When you repeat the entries below, please keep them exact and leave out the pictures.

* INPUT MATERIAL
BEGIN

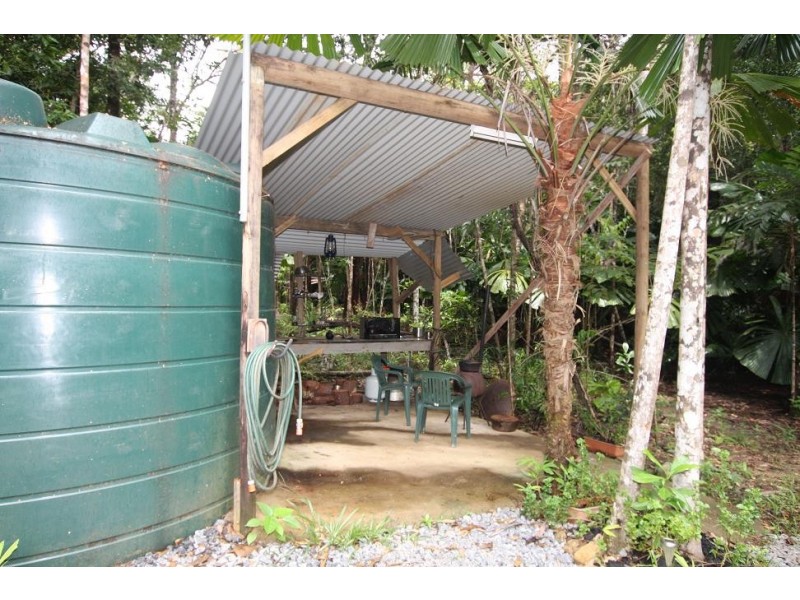 147 Wattle Close COW BAY, Daintree QLD 4873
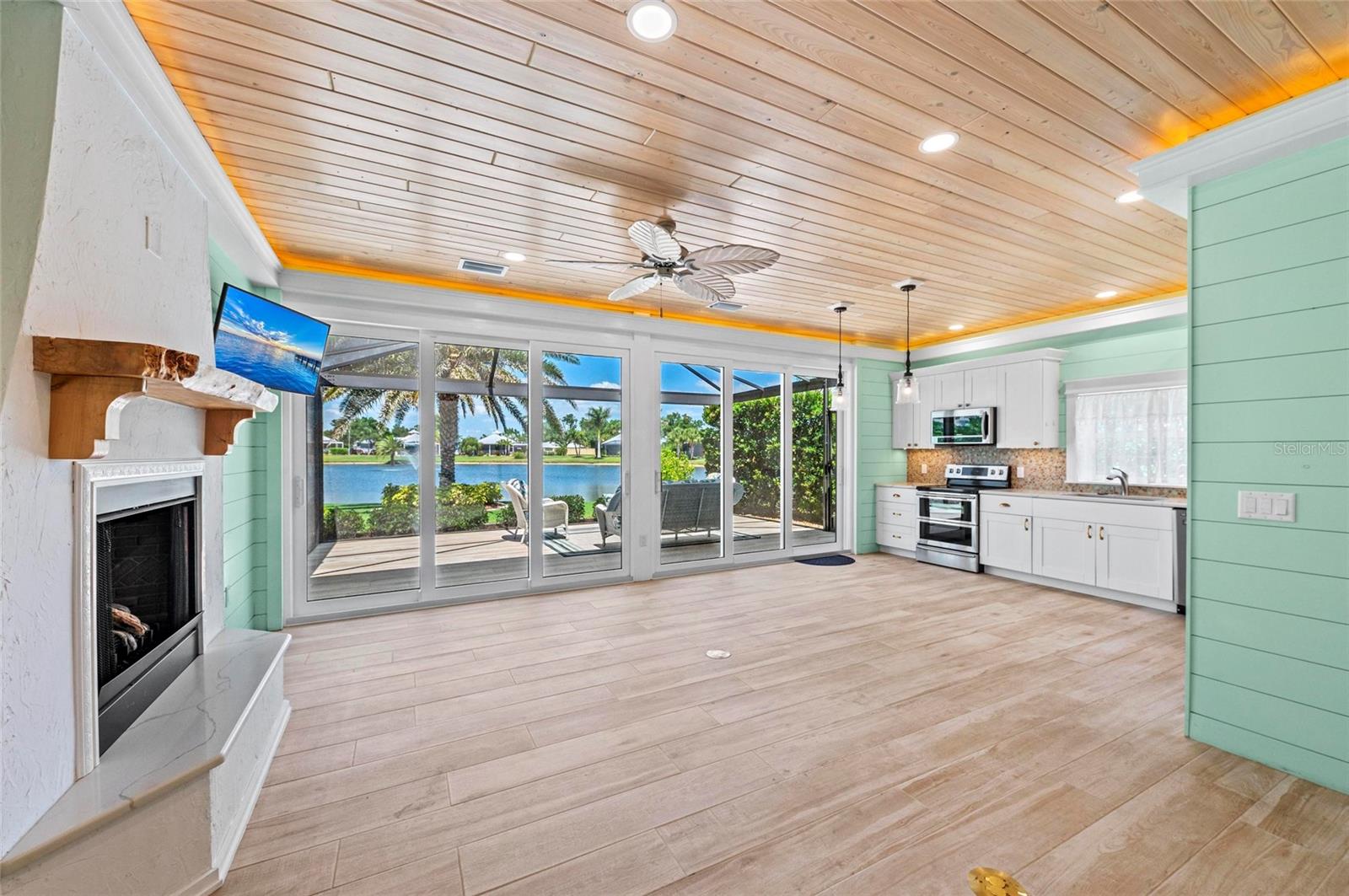 THRONTON CRK MOTORCOACH RESIDENCE - Residential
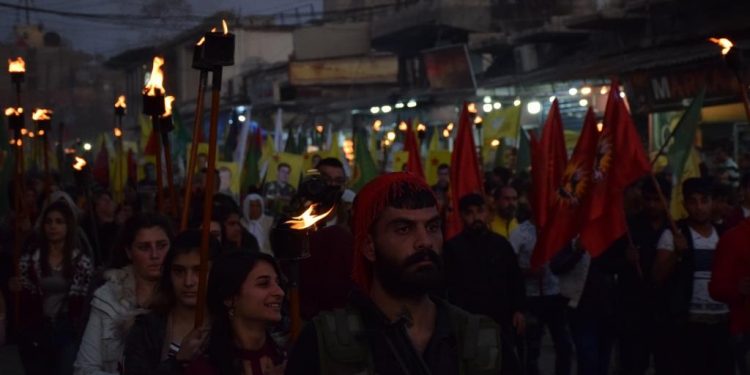 Bi sedan Ciwanên Qamişlo ‘Berxwedana Cenga Rojava’ silav kirin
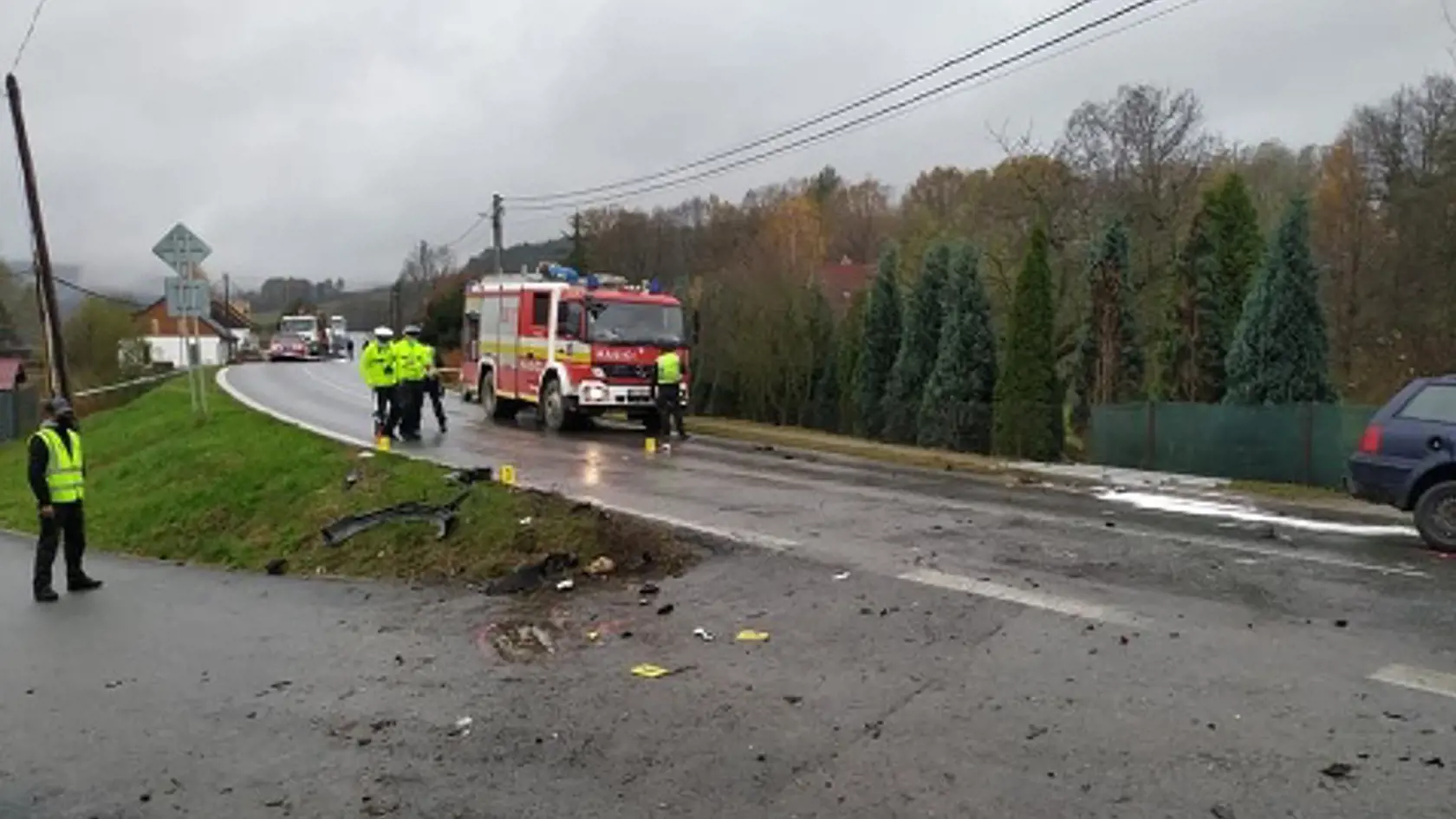 Hasiči zasahujú pri dopravnej nehode v obci Zborov.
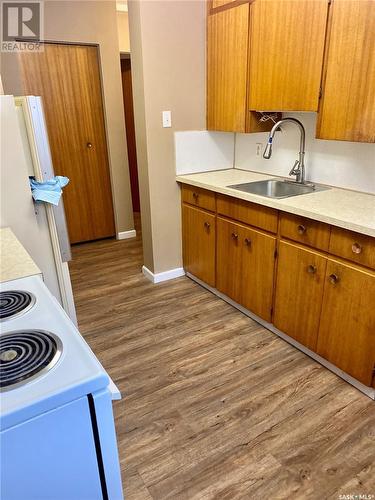 301 - 309 3Rd Avenue W, Assiniboia, SK - Indoor Photo Showing Kitchen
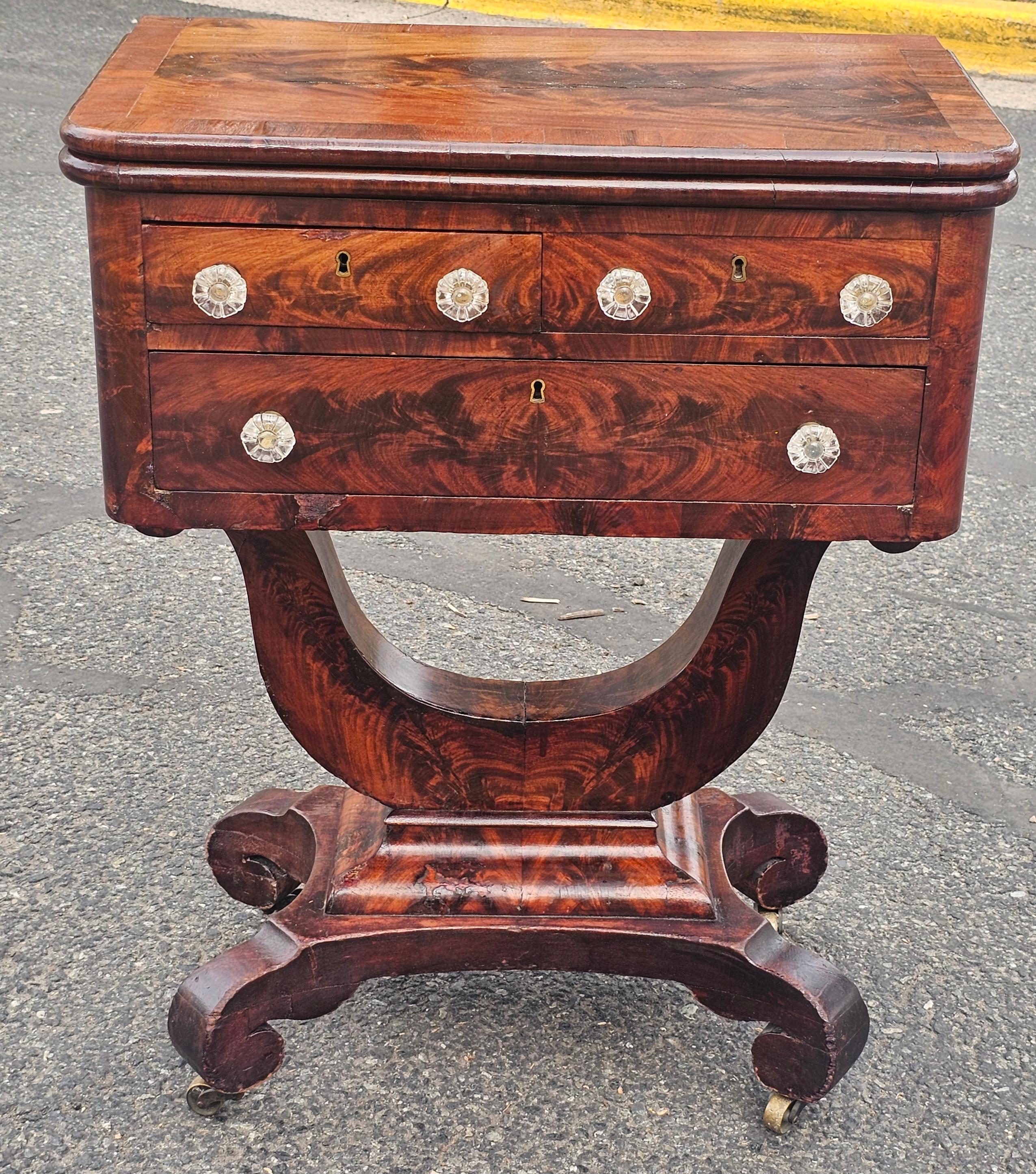 Mesa de trabajo de caoba inclinada del Imperio Americano, circa 1830 en venta 2
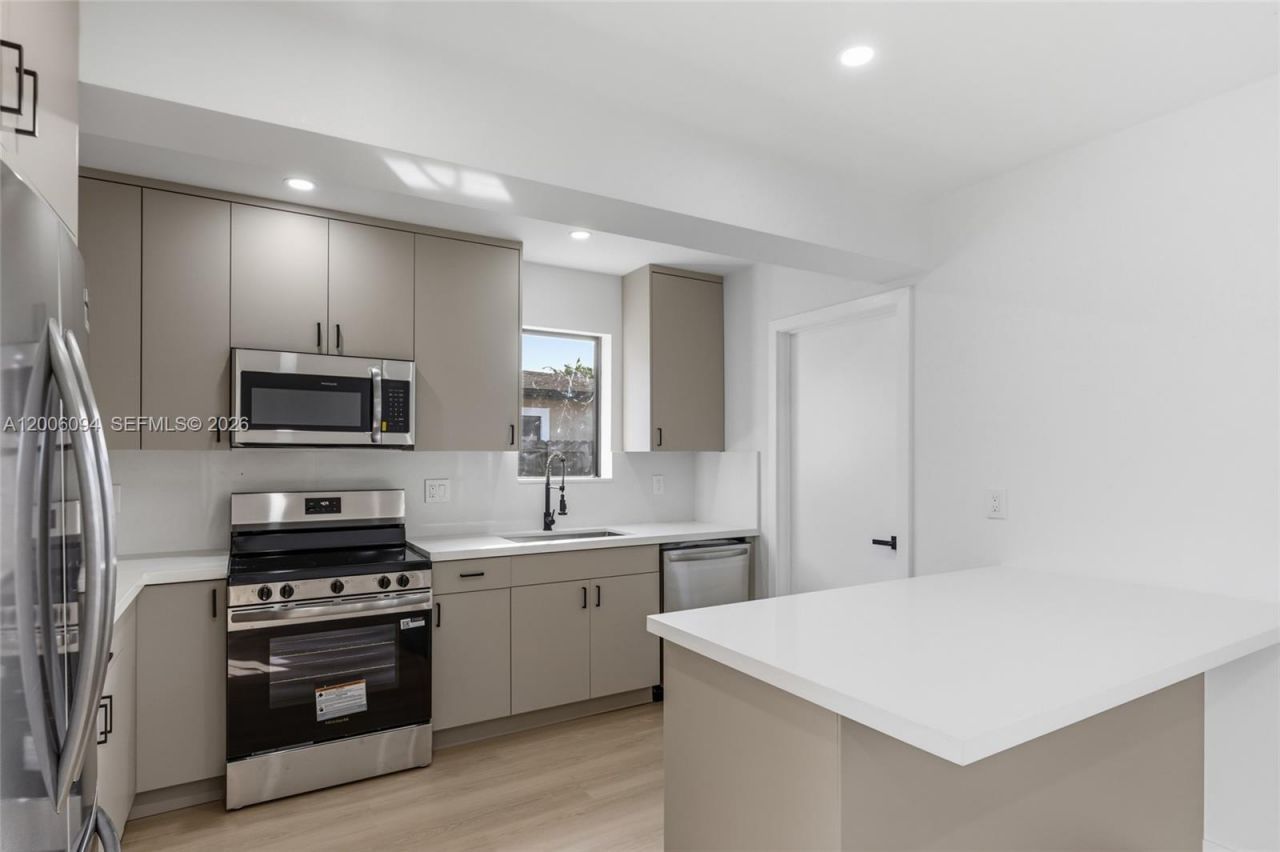 9660 Dominican Dr , Cutler Bay, FL 33189 Photo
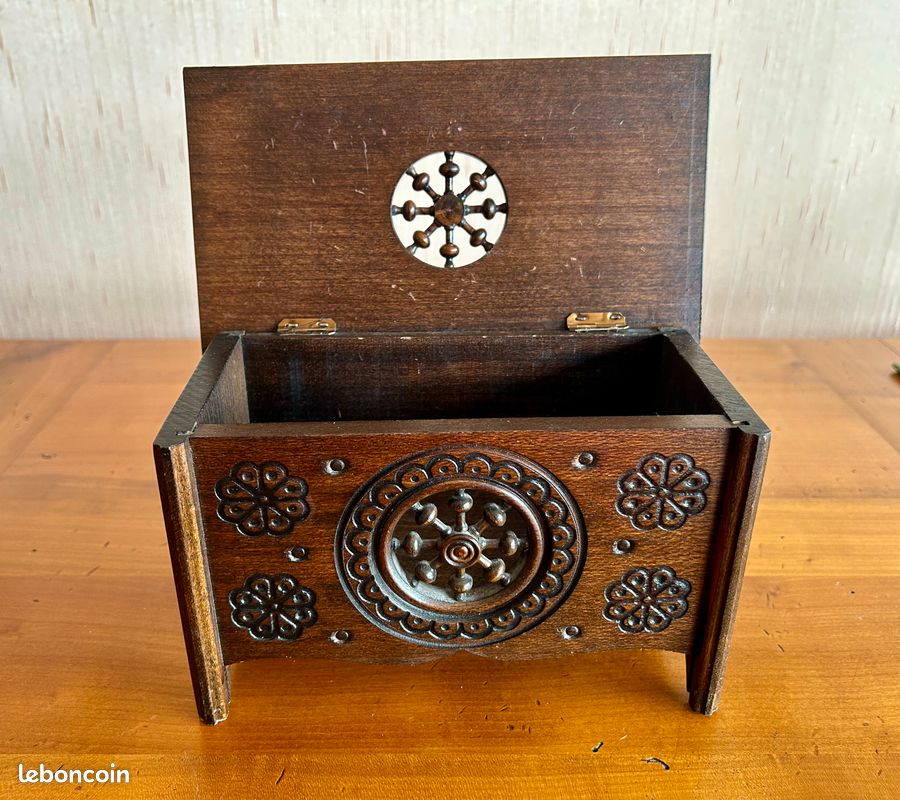 Ancien coffret en bois sculpté breton (image 2)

END

* FINISHED TASK
 147 Wattle Close COW BAY, Daintree QLD 4873
 THRONTON CRK MOTORCOACH RESIDENCE - Residential
 Bi sedan Ciwanên Qamişlo ‘Berxwedana Cenga Rojava’ silav kirin
 Hasiči zasahujú pri dopravnej nehode v obci Zborov.
 301 - 309 3Rd Avenue W, Assiniboia, SK - Indoor Photo Showing Kitchen
 Mesa de trabajo de caoba inclinada del Imperio Americano, circa 1830 en venta 2
 9660 Dominican Dr , Cutler Bay, FL 33189 Photo
 Ancien coffret en bois sculpté breton (image 2)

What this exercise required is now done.